Toss butternut squash cubes with olive oil, salt and pepper. Spread them out on a baking sheet and bake in a 375°F oven. Toss them occasionally on the baking sheet to ensure even browning on all sides. Squash cubes shrink, the four cups you start with will yield about 2 1/2 cups of finished product. Even though the broccoli I used was picked that day, I prefer to blanch it for thirty seconds to brighten the color and bring out it’s flavor.  After you drain it in a colander,  plunge the broccoli into an ice bath. This will stop the hot broccoli cooking and prevent it from turning limp and watery.  After it has cooled down, place the florets on a clean kitchen towel to dry.
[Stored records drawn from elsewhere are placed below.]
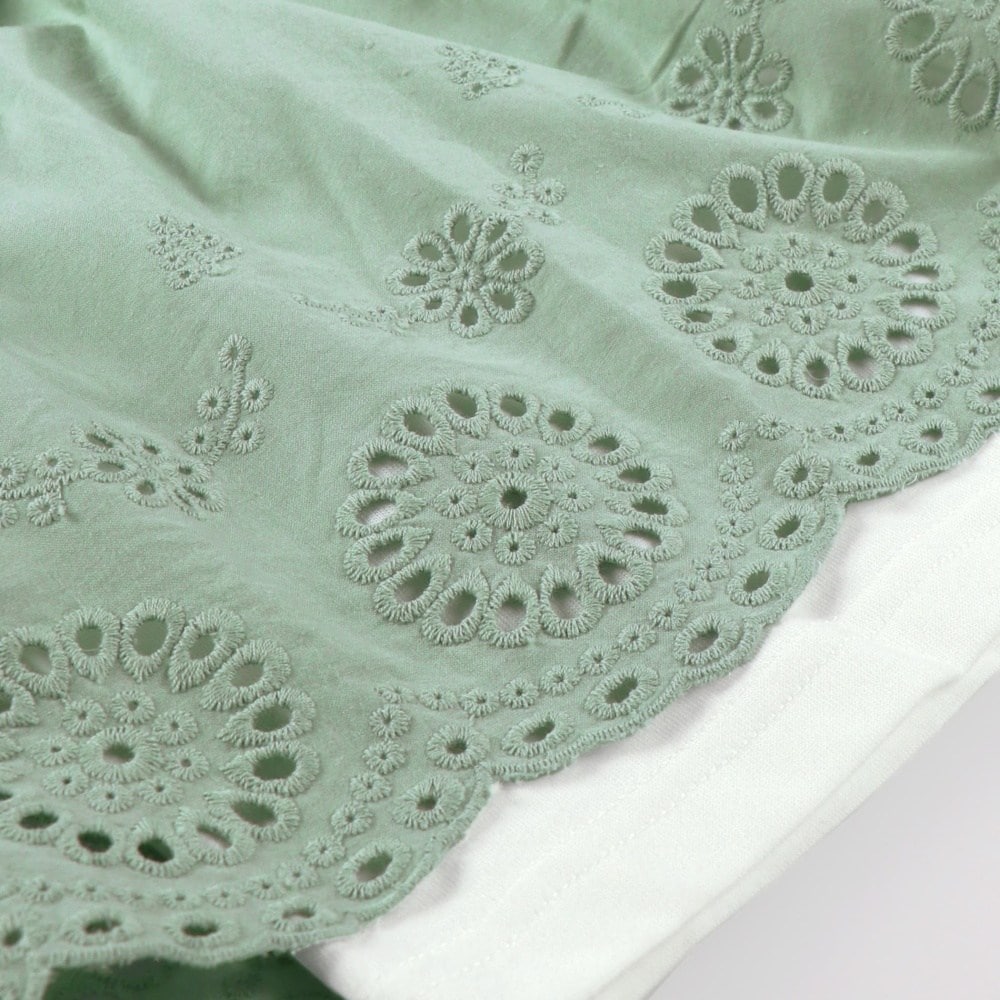 ライトグリーン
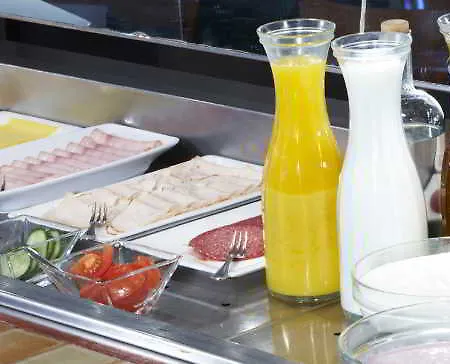 Campanile & Restaurant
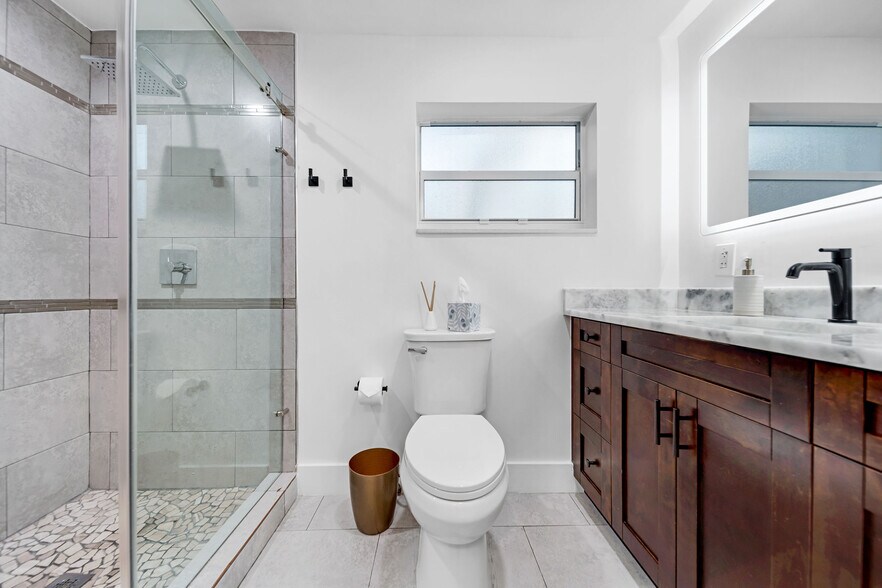 Building Photo - 1800 SW 5th Ave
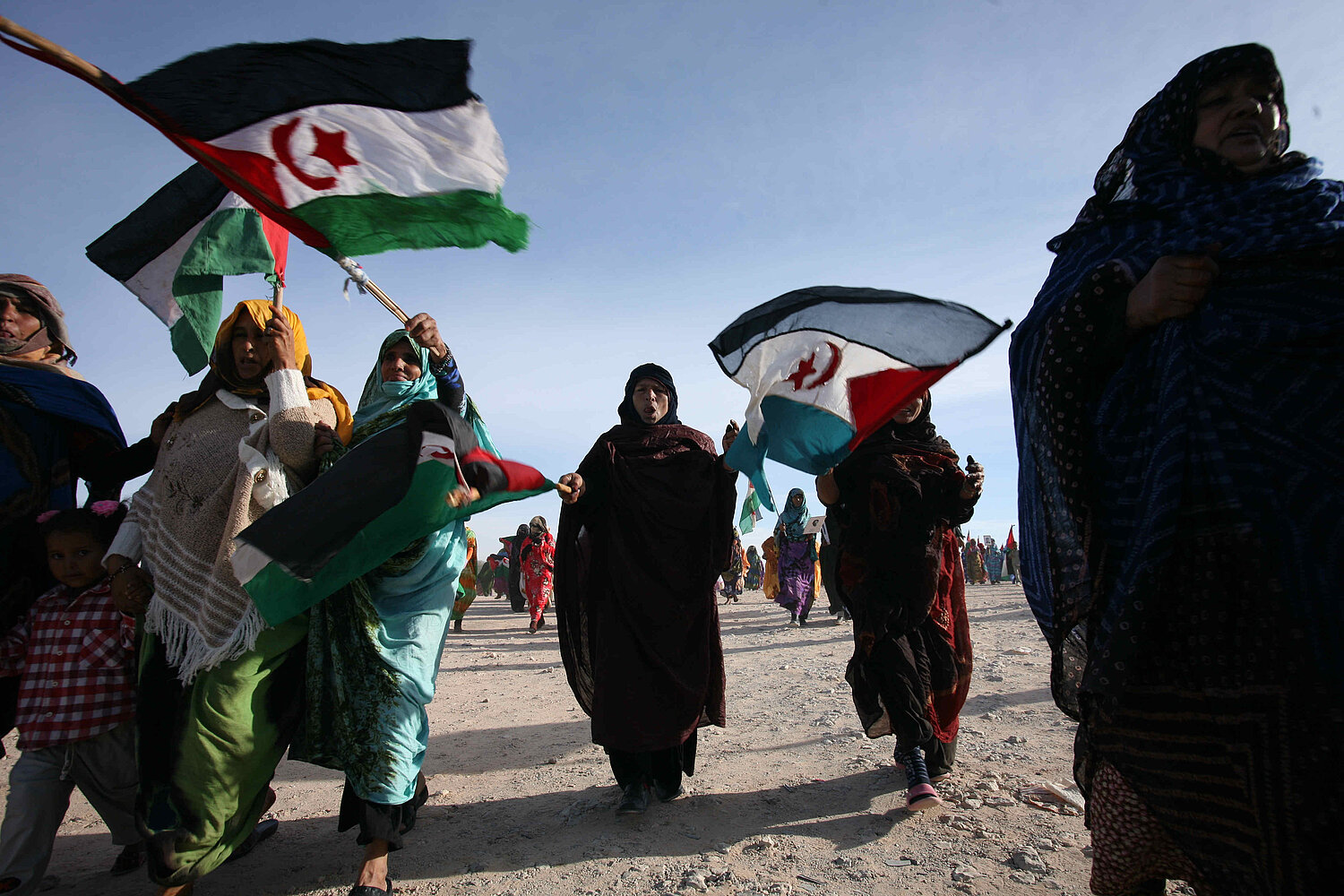 Eine Gruppe demonstrierender sahrauischer Frauen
You could just add plain nuts to the recipe, but toasting them really brings out the flavor. Add the nuts to a skillet large enough to stir or toss them in, depending how brave you are. Cooking over medium high heat, keep the nuts moving at all times to ensure even toasting and no burnt spots. Toasting brings out some of their oil and makes the kitchen smell great! Any nut will work, walnuts, pecans even sunflower seeds.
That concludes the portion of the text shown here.